- Location in Green County and the state of Wisconsin.
- Coordinates: 42°32′59″N 89°46′36″W﻿ / ﻿42.54972°N 89.77667°W
- Country: United States
- State: Wisconsin
- County: Green

Area
- • Total: 36.6 sq mi (94.7 km^{2})
- • Land: 36.4 sq mi (94.3 km^{2})
- • Water: 0.15 sq mi (0.4 km^{2})
- Elevation: 896 ft (273 m)

Population (2020)
- • Total: 747
- • Density: 20.5/sq mi (7.92/km^{2})
- Time zone: UTC-6 (Central (CST))
- • Summer (DST): UTC-5 (CDT)
- Area code: 608
- FIPS code: 55-11725
- GNIS feature ID: 1582899
- Website: https://townofcadizwi.gov/

= Cadiz, Wisconsin =

Cadiz is a town in Green County, Wisconsin, United States. The population was 747 at the 2020 census. The unincorporated community of Martintown is located in the town.

==History==
The earliest white settlers of the area were from the lead mining regions of the state, farther west. The first settler of Cadiz was George Lot, originally from the State of Pennsylvania, who settled on the southeastern quarter of section 36 in 1834. He came directly from the mines, where he had been previous to the Black Hawk War. He stayed for a short time, then moved on to nearby Winslow, Illinois. Soon after Lot came ex-miners William Boyles (who would later name Green County) from Indiana, and Stephen G. Hale, Nicholas Hale and Bennett Nolan from Illinois. Abner Van Sant and his son-in-law, John Deniston, built a sawmill in the area in 1843, and laid out the community a few years later. Cadiz was named for a city in Spain.

==Geography==
According to the United States Census Bureau, the town has a total area of 36.6 square miles (94.7 km^{2}), of which 36.4 square miles (94.3 km^{2}) is land and 0.1 square mile (0.4 km^{2}) (0.38%) is water.

==Demographics==
As of the census of 2000, there were 863 people, 327 households, and 251 families residing in the town. The population density was 23.7 people per square mile (9.1/km^{2}). There were 349 housing units at an average density of 9.6 per square mile (3.7/km^{2}). The racial makeup of the town was 98.61% White, 0.35% African American, 0.35% from other races, and 0.70% from two or more races. Hispanic or Latino of any race were 0.81% of the population.

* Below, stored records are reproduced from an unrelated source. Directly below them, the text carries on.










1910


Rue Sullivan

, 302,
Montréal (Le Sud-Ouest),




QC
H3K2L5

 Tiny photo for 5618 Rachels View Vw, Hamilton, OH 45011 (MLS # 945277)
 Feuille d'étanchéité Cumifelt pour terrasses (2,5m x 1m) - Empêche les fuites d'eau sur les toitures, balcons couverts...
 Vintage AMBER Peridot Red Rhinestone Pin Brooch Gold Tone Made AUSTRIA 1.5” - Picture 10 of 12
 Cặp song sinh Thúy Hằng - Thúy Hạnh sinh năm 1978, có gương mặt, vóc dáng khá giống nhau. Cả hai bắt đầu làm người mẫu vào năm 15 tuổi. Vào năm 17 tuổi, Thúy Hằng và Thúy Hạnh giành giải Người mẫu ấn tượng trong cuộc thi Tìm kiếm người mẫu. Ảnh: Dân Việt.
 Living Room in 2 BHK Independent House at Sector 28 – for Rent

There were 327 households, out of which 35.2% had children under the age of 18 living with them, 66.1% were married couples living together, 5.8% had a female householder with no husband present, and 23.2% were non-families. 19.0% of all households were made up of individuals, and 6.7% had someone living alone who was 65 years of age or older. The average household size was 2.63 and the average family size was 3.02.

In the town, the population was spread out, with 26.3% under the age of 18, 6.8% from 18 to 24, 29.7% from 25 to 44, 25.4% from 45 to 64, and 11.8% who were 65 years of age or older. The median age was 39 years. For every 100 females, there were 107.5 males. For every 100 females age 18 and over, there were 103.2 males.

The median income for a household in the town was $37,500, and the median income for a family was $40,469. Males had a median income of $30,388 versus $21,034 for females. The per capita income for the town was $16,070. About 6.2% of families and 6.1% of the population were below the poverty line, including 5.7% of those under age 18 and 7.3% of those age 65 or over.